Magnolia Residents Take a Nibble Out of Crime
The Seattle Weekly's Rick Anderson pointed us to what may be the greatest unintentional comedy festival in Internet history.
Following a series of nearly thirty break-ins, Magnolia residents have turned to the internets to catch the burgular, through a series of extremely misguided tips.
—We had a young white male with a green hooded sweatshirt knock on our door and ask if we would like to sign up for evironmental action support. He walks with a noticeable limp. It seemed really suspicious...I reported this to 911.—[A]round 8:15 pm someone knocked on our door while we were watching American Idol. We weren't expecting anyone and didn't want to be disturbed so we didn't answer and they went away… What do you think they are jotting down after the rest of you have opened up the door?Clues on how to break in?
—This is precisely why we all need to vote Republican. We need to be able to defend ourselves. The barbarians are at the gates people.
—Has anyone considered taking matters into out own hands and organizing some sort of patrols?
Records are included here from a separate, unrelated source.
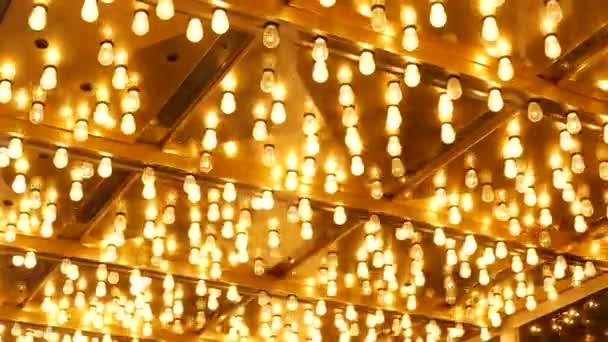 Le vecchie lampade elettriche fasulle lampeggiano e brillano di notte. Abstract primo piano della decorazione del casinò retrò scintillante a Las Vegas, Stati Uniti. Lampadine illuminate in stile vintage scintillanti su Freemont street — Video Stock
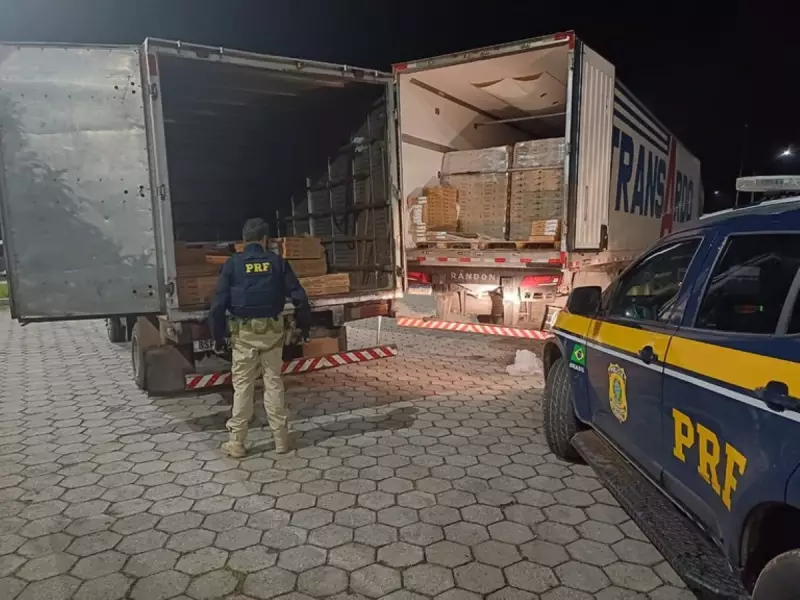 Carga de laticínios é furtada e recuperada às margens da BR-381 em Oliveira, MG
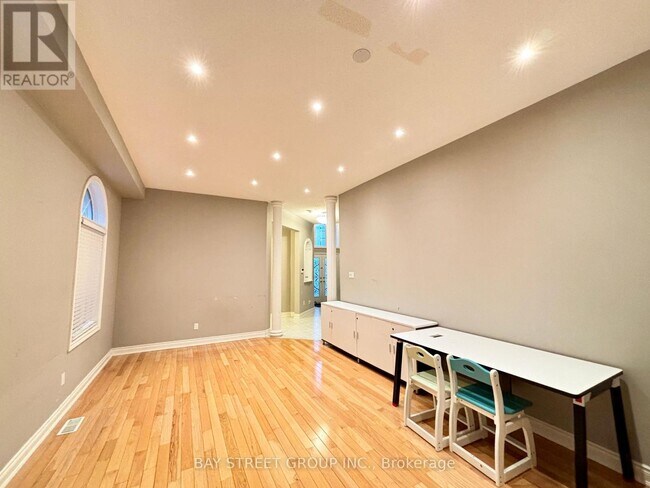 Photo du bâtiment - 69 Princeton Ave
If we can't count on those bureaucrats to protect us then it seems the burden falls to us.
(Then there is this one that we have edited in a completely unfair and inethical manner:)
—We had a young black female come to our house tonight at 8:30…My 10 year old proceeded to turn on our alarm immediately!
(Sorry about that, we couldn't help ourselves.)
Outcry over pampered bureaucrats, vigilante patrols, nighttime calls to 911, what is going on in our beloved Magnolia?
Please tell us there's a town hall meeting planned for Magnolia residents to air these "grievances." We can't wait to see if the cops keep a straight face.